Tuesday, June 15, 2010

Quantile Regression and a week in Denver

I attended the 3rd USGS Modeling Conference in Denver last week. This was an event participated mostly by USGS and other DOI scientists. The conference started on Monday with a short course on quantile regression, a topic increasingly mentioned in ecological literature, especially by those interested in estimating ecological threshold. In the last year or so, I read a few papers and some applications of the methods in ecological literature. My initial impression was not very positive. To begin with, the original reference on the subject presented the method in terms of a optimization problem. It gave me the impression that quantile regression is what least square to linear model, a computational method without statistics. Many applications, especially those presented in AWRA conferences are incomprehensible half-baked products. In signing up for the short course, I wanted to learn more before I start to criticize quantile regression.

The instructor, Brian Cade, is a USGS statistician. He started out with a definition and went on with some examples and R code. By the coffee break, I know how to run R to fit a quantile model, but don't know much else. I wanted to know the meaning of the output and their practical implications. During the second half of the short course, I started to think about these questions. I stopped Brian before he went into more advanced topics (such as Bayesian quantile regression). I asked a discussion on the examples already covered, especially on their practical implications. What were achieved by using quantile regression that cannot be achieved using regular regression?

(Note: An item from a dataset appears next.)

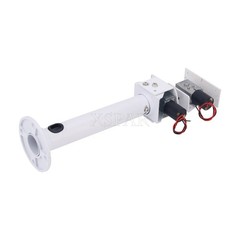 Dual Axis Solar Tracker Controller with Remote Control+DC Dual Axis Gimbal ham#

Here are what I learned from the short course.

1. Quantile regression is a form of nonparametric modeling -- no probabilistic assumption was imposed on data. Initially, a quantile regression was presented as an extension of the linear regression model. Instead of modeling the mean of the response, a quantile regression models a given quantile as a linear model of the predictor. The current implementation of QR in R also allows smoothing functions be used. As a result, QR can be fully nonparametric -- not only the response variable is not limited to a specific distribution, but also the model form of a quantile.

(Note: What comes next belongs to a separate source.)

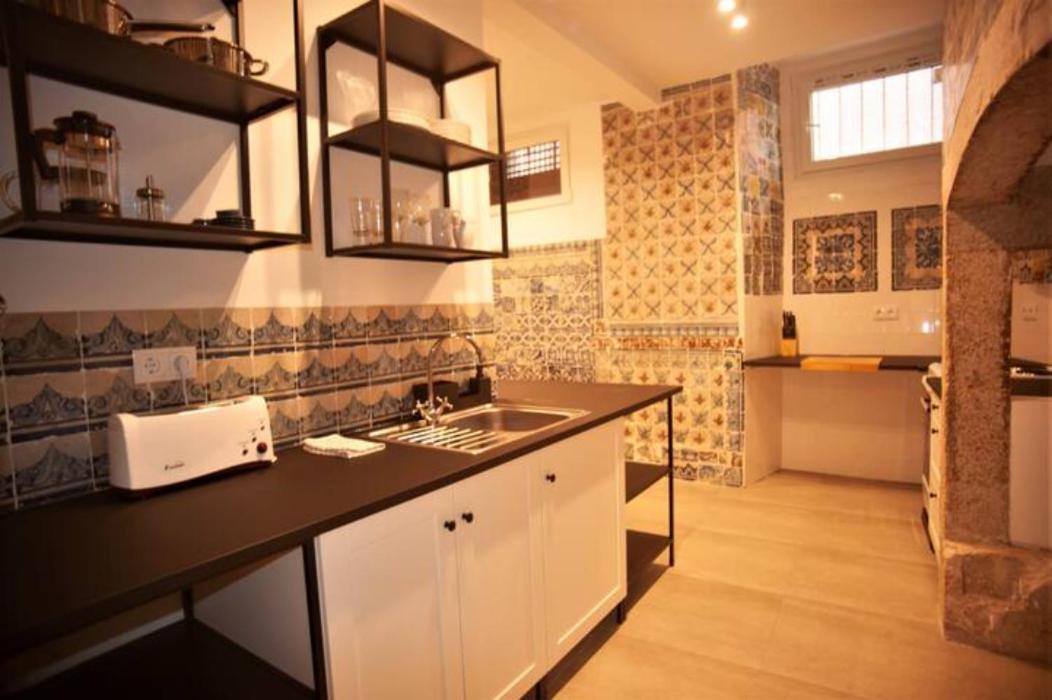 My Fair Lisbon - Bairro Alto Fine Apartments Extérieur photo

2. Quantile regression is an exploratory data analysis tool. The main application is the detection of changes in response variable distribution. In regular regression (lm and glm), we impose a fixed distributional assumption on the response. In QR, this distributional assumption is no longer applicable. When multiple quantiles are estimated, we can examine the response variable probability distribution at different locations along the x-axis. I can see that a good graphical presentation of the estimated response variable probability distributions can be very useful. For example, I have been working on the USGS urbanization data. One response variable is the mean tolerance score of macroinvertebrates community, a variable limited between 0 and 10. It is reasonable to believe that when urbanization level in the watershed is low, the distribution of species tolerance is limited by factors other than urbanization induced pollution and habitat modification. But when urbanization is high, only the most tolerant species are left leading to a tolerance score concentrated in the upper end of the spectrum. Along the urban gradient, we can believe a point where the probability distribution of the tolerance score may have changed.

3. If the advantage of a quantile regression is the detection of changes in response variable distribution, any application of the method should produce multiple quantiles so that the full distribution can be evaluated numerically. A good method for graphically display these distributions is essential.

4. An immediate application of quantile regression is in risk assessment. When the quantile regression results are translated into response variable distributions along the x-axis, these distributions can be translated into probability of exceedence.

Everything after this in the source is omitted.